Hysteriofunk fustige le gouvernement andorran sur la crise du logement lors d'un discours au festival
Le groupe de rock andorran Hysteriofunk a dénoncé la gestion gouvernementale de la crise immobilière dans son discours d'ouverture à Andorra la Vella. Déguisés en satiriques costumes officiels, ils ont évoqué leurs débuts modestes sous les yeux gênés des élus.
Points cles
- Les membres d'Hysteriofunk, déguisés en officiels, ont critiqué l'abordabilité du logement depuis le balcon de la Plaça Príncep Benlloch.

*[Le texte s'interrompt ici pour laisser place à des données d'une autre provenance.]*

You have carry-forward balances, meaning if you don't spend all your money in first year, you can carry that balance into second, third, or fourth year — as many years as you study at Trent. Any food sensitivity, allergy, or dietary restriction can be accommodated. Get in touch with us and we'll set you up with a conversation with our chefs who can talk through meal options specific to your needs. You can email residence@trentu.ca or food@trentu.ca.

- Le groupe a rappelé ses origines dans les années 1990 au parking Centre Ciutat et ses premières subventions pour tournées européennes.

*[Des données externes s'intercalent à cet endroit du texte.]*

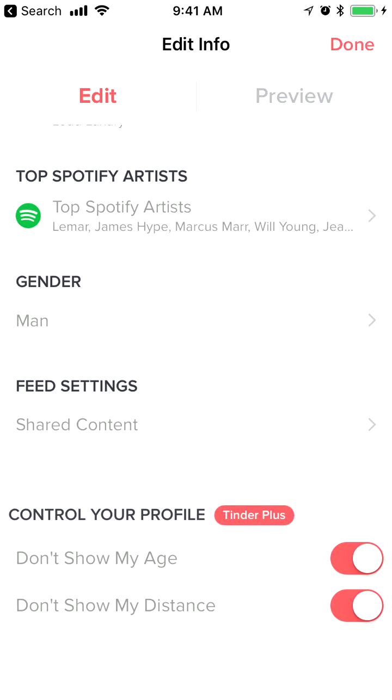But check this out — it's only available with the Tinder Plus plan. This feature won't be available with just a regular Tinder profile. It's only available with Tinder Plus or Tinder Gold upgrades, so otherwise you just can't do it.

- Le guitariste Oriol Vilella a pointé les logements spéculatifs forçant les habitants à partager ou à déménager à La Seu d'Urgell.
- Des officiels comme Xavier Espot paraissaient mal à l'aise ; le festival compte 67 événements sur cinq jours.
Le discours d'ouverture du festival du groupe Hysteriofunk à Andorra la Vella a mêlé un hommage à ses origines à une critique directe du gouvernement sur la crise du logement, laissant les hauts responsables présents dans l'assistance visiblement mal à l'aise.
Les cinq membres du groupe — Lluís Cartes (batterie), Roger Casamajor (claviers), Òscar Llauradó (basse), Oriol Vilella (guitare) et Cesc Vilarrubias (percussions) — ont prononcé le pregó depuis le balcon du bâtiment communal de la Plaça Príncep Benlloch jeudi après-midi. Vêtus en consellers généraux avec gambeto et tricornes, Vilarrubias en prêtre, ils ont raconté leurs débuts au début des années 1990 dans des locaux de répétition au deuxième étage du parking Centre Ciutat. Ils séchaient le déjeuner de l'école Sant Ermengol pour jouer sur des instruments abandonnés par d'autres groupes.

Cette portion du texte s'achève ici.